* [Problem details] Below are some records. Quote exactly the lines from the one that contains "Blue Lace Agate" through the last, both included, and leave out the pictures.
(Provided data)
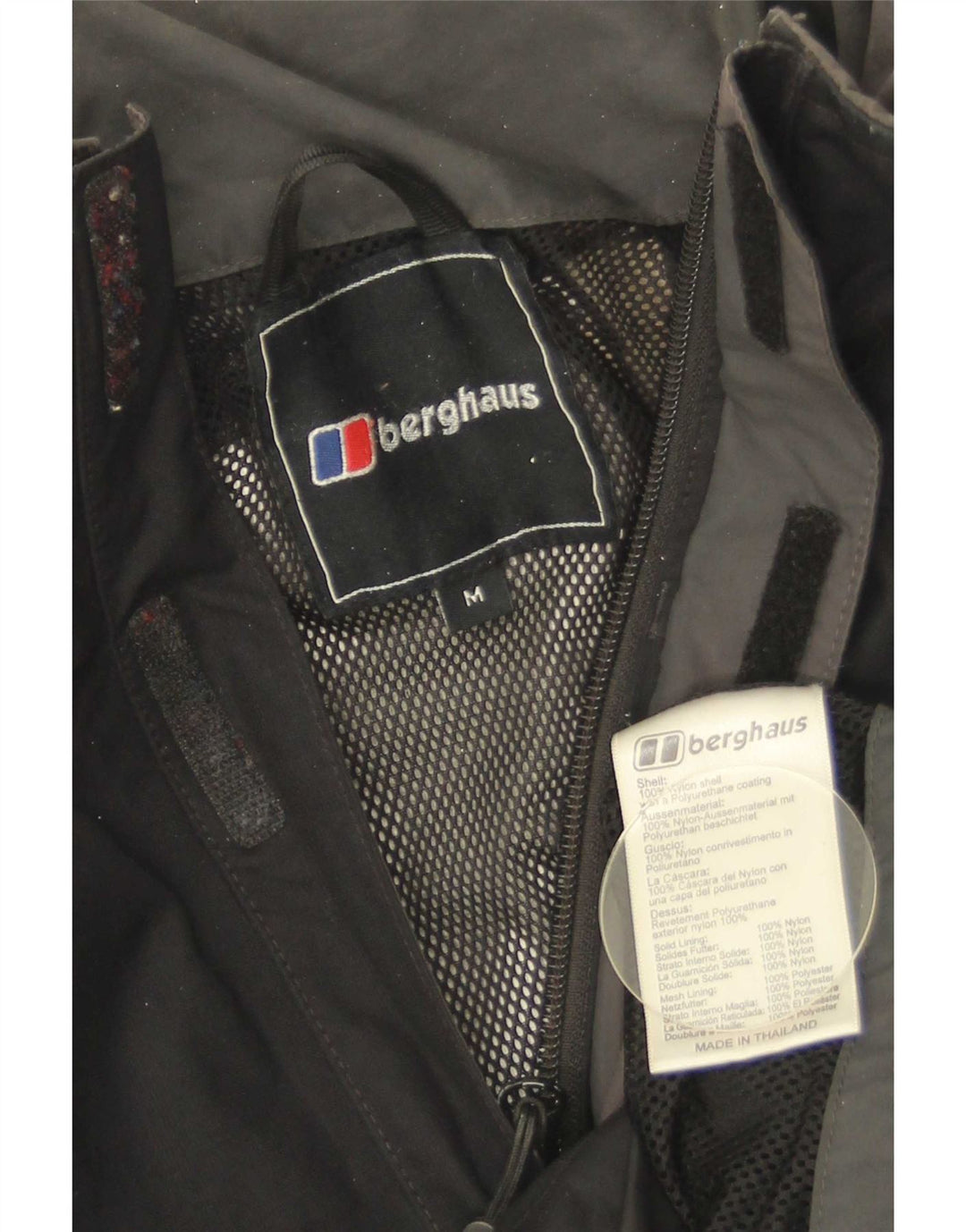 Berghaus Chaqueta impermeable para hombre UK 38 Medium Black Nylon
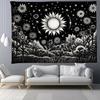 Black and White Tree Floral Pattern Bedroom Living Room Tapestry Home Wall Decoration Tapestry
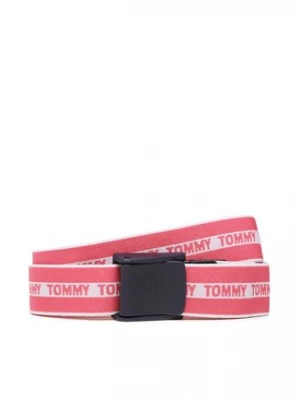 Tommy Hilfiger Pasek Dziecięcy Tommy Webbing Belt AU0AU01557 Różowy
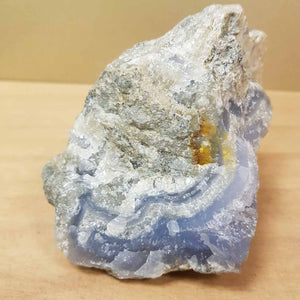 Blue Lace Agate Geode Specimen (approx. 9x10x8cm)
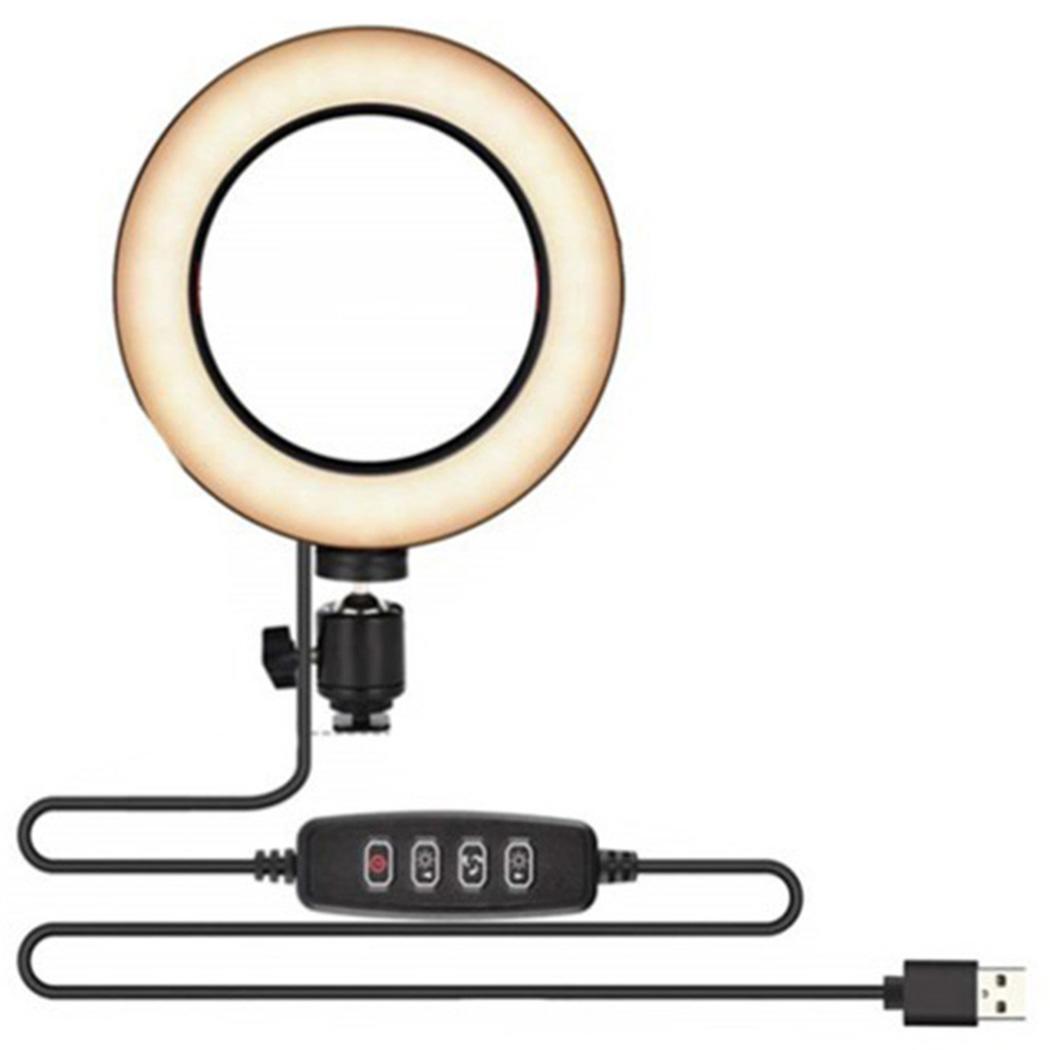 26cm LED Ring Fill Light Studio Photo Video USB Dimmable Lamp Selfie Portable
(End Provided data)
* [Answer box]
 Blue Lace Agate Geode Specimen (approx. 9x10x8cm)
 26cm LED Ring Fill Light Studio Photo Video USB Dimmable Lamp Selfie Portable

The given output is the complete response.